From: gorgelo@hotmail.com
Subject: Re: Memory pools
Date: Thu, 31 May 2018 12:33:45 -0700 (PDT)
Date: 2018-05-31T12:33:45-07:00 [thread overview]
Message-ID: <bbd7511d-c190-4ddd-992a-011dd2531ea0@googlegroups.com> (raw)
In-Reply-To: <13ec49fb-8c1a-42a4-b1a2-3984d0e159f7@googlegroups.com>
And to follow up on the naive benchmarks:
https://github.com/frol/completely-unscientific-benchmarks
Using the memory pool in the previous post it can be used to implement the Treap algorithm (after some minor modifications):
pragma Suppress (Tampering_Check);
-- Tampering checks are only for multi-task applications.
-- Since this application is single task we can safely
-- suppress tampering checks of the standard containers.
-- If performance is an issue, the Ada-Traits Containers may be used instead.
with System.Storage_Elements;
with System.Storage_Pools;
with Ada.Text_IO;
with Ada.Integer_Text_IO;
with Ada.Containers.Vectors;
with Ada.Unchecked_Deallocation;
with Ada.Numerics.Discrete_Random;
procedure Main is
subtype Storage_Offset is System.Storage_Elements.Storage_Offset;
subtype Storage_Count is System.Storage_Elements.Storage_Count;
subtype Storage_Array is System.Storage_Elements.Storage_Array;
subtype Root_Storage_Pool is System.Storage_Pools.Root_Storage_Pool;
subtype Integer_Address is System.Storage_Elements.Integer_Address;
subtype Count_Type is Ada.Containers.Count_Type;
use type Count_Type;
use type Storage_Offset;
use type Integer_Address;
procedure Put (Text : String) renames Ada.Text_IO.Put;
procedure Put_Line (Text : String) renames Ada.Text_IO.Put_Line;
procedure Put_Line (I : Integer) is
begin
Ada.Integer_Text_IO.Put (I, 0);
Ada.Text_IO.New_Line;
end Put_Line;
procedure Put (I : Integer) is
begin
Ada.Integer_Text_IO.Put (I, 0);
end Put;
procedure Put (I : Storage_Offset) is
begin
Ada.Integer_Text_IO.Put (Integer (I), 0);
end Put;
function To_Integer (Value : System.Address) return Integer_Address
renames System.Storage_Elements.To_Integer;
generic
Slot_Size : Positive;
-- Specifies the size of each slot in Storage Elements (bytes)

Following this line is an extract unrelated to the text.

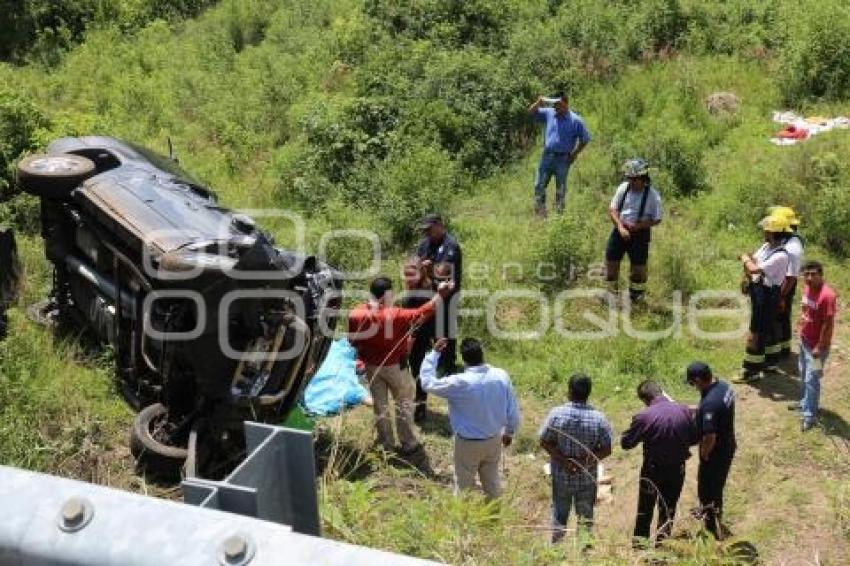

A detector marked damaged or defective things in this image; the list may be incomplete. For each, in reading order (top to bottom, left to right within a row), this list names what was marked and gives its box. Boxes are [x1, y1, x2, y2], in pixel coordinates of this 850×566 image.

-- Must be big enough to store any object one wishes to allocate
-- inside the memory pool.
MAX : Positive;
-- Specifies the number of slots that will be allocated in an array
-- from the heap every time more memory needs to be pre-allocated.
package Arena_Pools is
type Arena (<>) is new Root_Storage_Pool with private;
function Make return Arena;
overriding
procedure Allocate
( Pool : in out Arena;
Address : out System.Address;
Size : Storage_Count;
Alignment : Storage_Count
);
overriding
procedure Deallocate
( Pool : in out Arena;
Address : System.Address;
Size : Storage_Count;
Alignment : Storage_Count
);
overriding
function Storage_Size (Pool : Arena) return Storage_Count;
-- Approximation of how many Storage Elements (bytes)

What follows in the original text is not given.